**Task instructions:**
Extract each line of the records below that contains the word "natural".

**Data extracts:**

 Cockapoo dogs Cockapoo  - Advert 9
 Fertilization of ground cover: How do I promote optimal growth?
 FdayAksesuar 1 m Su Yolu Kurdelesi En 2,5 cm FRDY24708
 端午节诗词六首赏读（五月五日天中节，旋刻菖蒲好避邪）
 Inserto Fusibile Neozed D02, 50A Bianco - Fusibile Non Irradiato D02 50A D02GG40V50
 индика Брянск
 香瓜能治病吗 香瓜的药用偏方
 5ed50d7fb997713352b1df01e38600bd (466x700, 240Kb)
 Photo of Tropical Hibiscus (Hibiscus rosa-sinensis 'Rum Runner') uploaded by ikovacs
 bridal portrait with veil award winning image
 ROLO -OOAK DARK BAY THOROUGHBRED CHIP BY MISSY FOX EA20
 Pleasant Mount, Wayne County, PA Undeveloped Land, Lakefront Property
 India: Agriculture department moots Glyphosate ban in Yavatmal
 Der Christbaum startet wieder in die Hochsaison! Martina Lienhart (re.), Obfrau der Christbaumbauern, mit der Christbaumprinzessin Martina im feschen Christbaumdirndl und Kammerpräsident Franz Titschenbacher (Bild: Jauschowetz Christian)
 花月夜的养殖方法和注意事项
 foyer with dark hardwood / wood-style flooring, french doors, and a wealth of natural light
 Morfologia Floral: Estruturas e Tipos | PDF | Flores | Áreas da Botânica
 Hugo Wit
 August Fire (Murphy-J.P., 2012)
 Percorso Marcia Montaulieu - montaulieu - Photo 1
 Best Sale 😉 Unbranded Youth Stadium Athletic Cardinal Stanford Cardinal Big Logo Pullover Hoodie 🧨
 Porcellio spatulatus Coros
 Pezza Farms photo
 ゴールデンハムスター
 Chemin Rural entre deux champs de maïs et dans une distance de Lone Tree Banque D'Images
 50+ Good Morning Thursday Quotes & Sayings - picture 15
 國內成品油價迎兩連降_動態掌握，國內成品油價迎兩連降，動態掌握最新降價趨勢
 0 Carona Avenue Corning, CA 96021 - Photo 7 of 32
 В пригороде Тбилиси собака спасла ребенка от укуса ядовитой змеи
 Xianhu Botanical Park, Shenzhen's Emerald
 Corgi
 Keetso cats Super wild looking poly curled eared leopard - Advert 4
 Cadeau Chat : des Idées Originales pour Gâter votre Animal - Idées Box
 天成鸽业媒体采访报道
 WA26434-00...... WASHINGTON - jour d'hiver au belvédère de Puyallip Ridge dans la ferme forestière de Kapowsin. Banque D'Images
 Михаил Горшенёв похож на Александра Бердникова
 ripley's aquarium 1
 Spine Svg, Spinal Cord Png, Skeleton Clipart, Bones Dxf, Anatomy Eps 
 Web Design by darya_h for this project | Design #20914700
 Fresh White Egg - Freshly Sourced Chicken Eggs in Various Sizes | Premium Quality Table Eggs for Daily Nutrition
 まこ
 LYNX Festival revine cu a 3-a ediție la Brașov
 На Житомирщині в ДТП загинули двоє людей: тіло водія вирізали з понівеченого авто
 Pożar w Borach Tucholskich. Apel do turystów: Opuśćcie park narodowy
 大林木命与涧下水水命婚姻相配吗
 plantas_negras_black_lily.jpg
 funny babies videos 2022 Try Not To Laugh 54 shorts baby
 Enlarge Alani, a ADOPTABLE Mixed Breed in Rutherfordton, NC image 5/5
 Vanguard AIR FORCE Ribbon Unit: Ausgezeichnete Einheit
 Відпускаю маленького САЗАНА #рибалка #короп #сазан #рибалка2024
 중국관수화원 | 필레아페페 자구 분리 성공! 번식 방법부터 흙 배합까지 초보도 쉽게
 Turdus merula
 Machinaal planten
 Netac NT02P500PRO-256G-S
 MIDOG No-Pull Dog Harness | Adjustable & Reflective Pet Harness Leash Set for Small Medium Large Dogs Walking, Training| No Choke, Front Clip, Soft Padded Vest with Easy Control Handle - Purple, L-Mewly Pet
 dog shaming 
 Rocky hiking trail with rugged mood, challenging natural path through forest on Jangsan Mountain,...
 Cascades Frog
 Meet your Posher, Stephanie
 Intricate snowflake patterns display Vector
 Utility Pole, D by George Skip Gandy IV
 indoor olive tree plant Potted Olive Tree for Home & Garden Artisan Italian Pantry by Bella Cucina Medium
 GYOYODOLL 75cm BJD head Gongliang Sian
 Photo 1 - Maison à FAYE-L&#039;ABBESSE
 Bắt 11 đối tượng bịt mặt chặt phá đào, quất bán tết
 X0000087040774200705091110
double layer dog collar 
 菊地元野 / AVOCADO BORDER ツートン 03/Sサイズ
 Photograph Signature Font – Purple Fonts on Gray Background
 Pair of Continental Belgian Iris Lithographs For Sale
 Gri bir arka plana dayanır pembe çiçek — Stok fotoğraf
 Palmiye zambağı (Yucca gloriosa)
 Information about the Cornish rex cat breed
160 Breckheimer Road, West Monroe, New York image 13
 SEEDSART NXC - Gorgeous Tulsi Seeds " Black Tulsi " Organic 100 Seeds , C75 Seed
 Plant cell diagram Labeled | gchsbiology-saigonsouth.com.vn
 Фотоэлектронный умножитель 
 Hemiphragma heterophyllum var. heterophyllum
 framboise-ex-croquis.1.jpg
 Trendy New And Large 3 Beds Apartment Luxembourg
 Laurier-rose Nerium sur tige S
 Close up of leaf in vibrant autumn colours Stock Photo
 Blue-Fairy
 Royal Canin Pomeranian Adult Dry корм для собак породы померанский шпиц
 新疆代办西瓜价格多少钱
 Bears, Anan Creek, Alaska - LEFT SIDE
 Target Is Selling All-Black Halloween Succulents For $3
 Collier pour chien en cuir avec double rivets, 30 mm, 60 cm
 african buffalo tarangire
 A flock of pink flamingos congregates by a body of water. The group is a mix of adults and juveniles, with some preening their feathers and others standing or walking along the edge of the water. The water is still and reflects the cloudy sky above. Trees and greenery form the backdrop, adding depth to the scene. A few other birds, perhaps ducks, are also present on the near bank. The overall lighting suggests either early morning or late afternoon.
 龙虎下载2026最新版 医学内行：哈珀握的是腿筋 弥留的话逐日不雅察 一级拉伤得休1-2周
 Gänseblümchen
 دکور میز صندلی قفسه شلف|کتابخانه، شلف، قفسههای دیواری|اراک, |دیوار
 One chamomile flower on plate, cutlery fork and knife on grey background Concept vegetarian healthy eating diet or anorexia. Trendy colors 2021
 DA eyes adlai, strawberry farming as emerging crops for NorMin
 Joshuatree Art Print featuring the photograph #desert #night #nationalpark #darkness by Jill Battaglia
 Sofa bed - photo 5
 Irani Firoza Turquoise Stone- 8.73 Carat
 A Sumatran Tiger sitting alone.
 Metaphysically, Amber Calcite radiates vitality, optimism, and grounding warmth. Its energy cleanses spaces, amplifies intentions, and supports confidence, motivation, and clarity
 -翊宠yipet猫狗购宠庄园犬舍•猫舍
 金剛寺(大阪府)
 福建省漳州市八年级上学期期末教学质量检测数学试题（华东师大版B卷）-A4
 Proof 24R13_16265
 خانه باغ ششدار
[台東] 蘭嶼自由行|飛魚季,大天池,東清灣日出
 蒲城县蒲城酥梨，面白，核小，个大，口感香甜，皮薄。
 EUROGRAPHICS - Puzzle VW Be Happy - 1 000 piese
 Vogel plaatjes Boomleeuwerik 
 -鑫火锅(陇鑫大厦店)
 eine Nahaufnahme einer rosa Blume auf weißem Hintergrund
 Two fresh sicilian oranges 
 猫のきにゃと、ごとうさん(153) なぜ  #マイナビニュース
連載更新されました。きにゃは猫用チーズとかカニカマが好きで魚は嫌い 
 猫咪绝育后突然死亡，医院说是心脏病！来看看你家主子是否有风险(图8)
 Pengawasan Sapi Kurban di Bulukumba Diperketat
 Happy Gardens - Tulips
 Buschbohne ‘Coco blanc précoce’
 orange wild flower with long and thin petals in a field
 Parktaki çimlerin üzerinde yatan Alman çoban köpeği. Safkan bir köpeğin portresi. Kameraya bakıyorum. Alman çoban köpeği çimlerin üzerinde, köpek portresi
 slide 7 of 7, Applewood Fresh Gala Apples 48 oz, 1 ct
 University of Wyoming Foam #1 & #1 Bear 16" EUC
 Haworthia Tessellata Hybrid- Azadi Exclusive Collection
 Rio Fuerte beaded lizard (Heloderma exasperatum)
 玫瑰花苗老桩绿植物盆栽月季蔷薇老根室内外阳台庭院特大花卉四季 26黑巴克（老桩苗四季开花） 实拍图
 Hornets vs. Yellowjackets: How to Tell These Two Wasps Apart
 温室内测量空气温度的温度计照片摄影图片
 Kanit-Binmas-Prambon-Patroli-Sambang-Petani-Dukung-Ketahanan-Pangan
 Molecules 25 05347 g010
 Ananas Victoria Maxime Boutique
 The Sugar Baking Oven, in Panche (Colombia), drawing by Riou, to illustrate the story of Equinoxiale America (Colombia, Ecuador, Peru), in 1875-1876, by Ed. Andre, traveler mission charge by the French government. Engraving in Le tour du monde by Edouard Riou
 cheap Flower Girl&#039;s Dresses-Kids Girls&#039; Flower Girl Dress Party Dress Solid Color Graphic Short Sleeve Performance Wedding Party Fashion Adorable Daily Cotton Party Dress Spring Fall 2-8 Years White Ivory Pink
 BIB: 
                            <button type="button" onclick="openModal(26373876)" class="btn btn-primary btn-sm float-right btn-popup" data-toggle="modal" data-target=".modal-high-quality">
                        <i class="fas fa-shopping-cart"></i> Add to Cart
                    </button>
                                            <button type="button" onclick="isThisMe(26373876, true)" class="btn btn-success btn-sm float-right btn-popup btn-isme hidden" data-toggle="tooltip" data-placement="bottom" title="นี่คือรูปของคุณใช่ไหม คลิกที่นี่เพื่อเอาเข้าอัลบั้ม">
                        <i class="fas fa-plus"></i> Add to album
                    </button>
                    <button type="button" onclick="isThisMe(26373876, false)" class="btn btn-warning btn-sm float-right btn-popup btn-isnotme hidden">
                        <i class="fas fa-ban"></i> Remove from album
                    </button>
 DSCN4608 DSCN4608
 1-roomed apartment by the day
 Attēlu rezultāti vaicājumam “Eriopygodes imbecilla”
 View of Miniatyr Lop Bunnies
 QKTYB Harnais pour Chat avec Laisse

**Response to the exercise:**
 foyer with dark hardwood / wood-style flooring, french doors, and a wealth of natural light
 Rocky hiking trail with rugged mood, challenging natural path through forest on Jangsan Mountain,...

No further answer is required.